Eastland rolled onto its port side and rested partially submerged in less than 20 feet of water. “It lay like a toy boat of tin wrecked in a gutter,” reported the Chicago Tribune. The unfortunate passengers who happened to be on the port side were crushed by the hundreds of people, deck chairs and other furniture that suddenly fell on top of them. “The entire crowd of men, women and children came slipping and sliding and sprawling down with a mass of lunch boxes, milk bottles, chairs—rubbish of every sort—on top of them,” said passenger George Goyette. “They came down in a floundering, screaming mass.” As the enclosed decks filled with water and debris, the mob of humanity who tried to scale the staircase to the promenade deck, now turned sideways, turned the lone escape path into a deathtrap.
Screams mixed with gurgles as survivors struggled to stay afloat in the filthy river, a toxic cocktail of raw sewage and detritus from Chicago’s stockyards. Few passengers knew how to swim, and even those who did were weighed down by their water-logged dresses and heavy suits. Rescue boats scrambled to the scene as welders ran with torches in hand to the crippled steamer. Hearing the muffled cries of the desperate passengers pounding on the metal hull, the welders began to cut rectangular escape hatches when Eastland’s horrified captain, Harry Pedersen, incredibly protested that they were “ruining his ship.” “The captain showed more regard for the company property than the people inside,” McCarthy says.

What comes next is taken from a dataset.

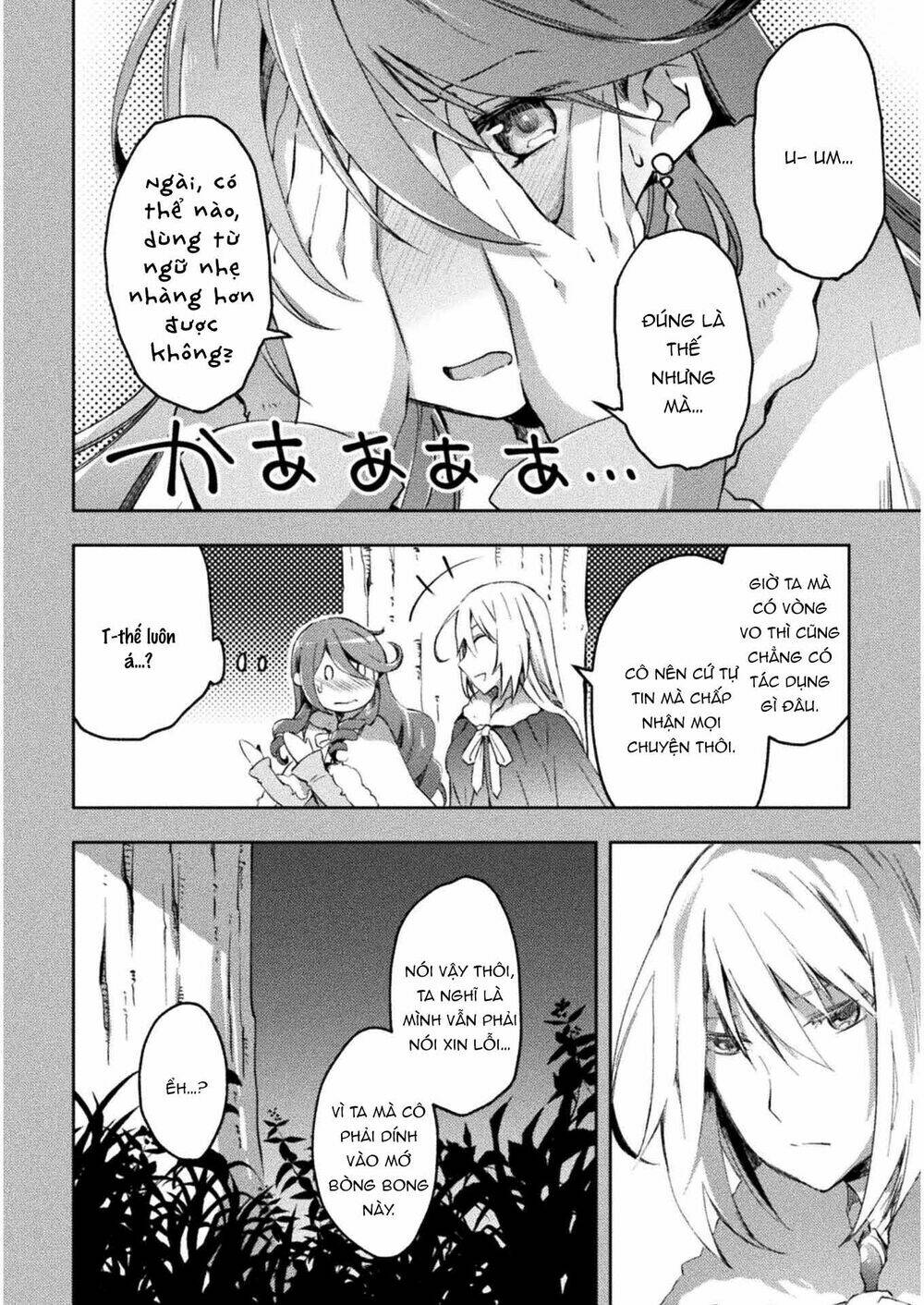 Dungeon Kurashi No Moto Yuusha Chương 25 Ảnh 8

As doctors tried to force water out of victims’ lungs with pulmotors, rescue workers hoisted lifeless bodies found by divers working in the dark holds of the ship. In all, the Eastland tragedy claimed 844 victims, including more than 50 infants. In just mere minutes, the capsizing wiped out 22 entire families.
Pedersen, the ship’s engineer and four of its owners stood trial for the disaster, but a federal judge changed the original charges from criminal negligence and manslaughter to conspiracy to operate an unsafe ship. As McCarthy notes, the owners may have been negligent, but there certainly was no conspiracy. Represented by the legendary Clarence Darrow—who was in the “valley of his career” according to McCarthy after accusations of bribing jurors on an earlier case—the six men were all found not guilty. No one was ever held criminally responsible for the disaster, and a civil trial that dragged on for more than two decades ultimately provided little money to victims’ families. “I don’t believe justice was done,” McCarthy says. “The Eastland story offers an example of how important it is to bring charges against people who have endangered lives and how careful you must be to pin the charges on them.”
Although the Eastland disaster was the deadliest in Windy City history—claiming seven times the lives as the official death toll from the Great Chicago Fire—it quickly faded from public memory. McCarthy attributes this in part to the lower economic status of the victims as well as the timing. “This happened just before the U.S. entered World War I, and the world-changing events eclipsed so much else of what was going on,” he says while adding, “It is remarkable that something so catastrophic wouldn’t be better remembered.”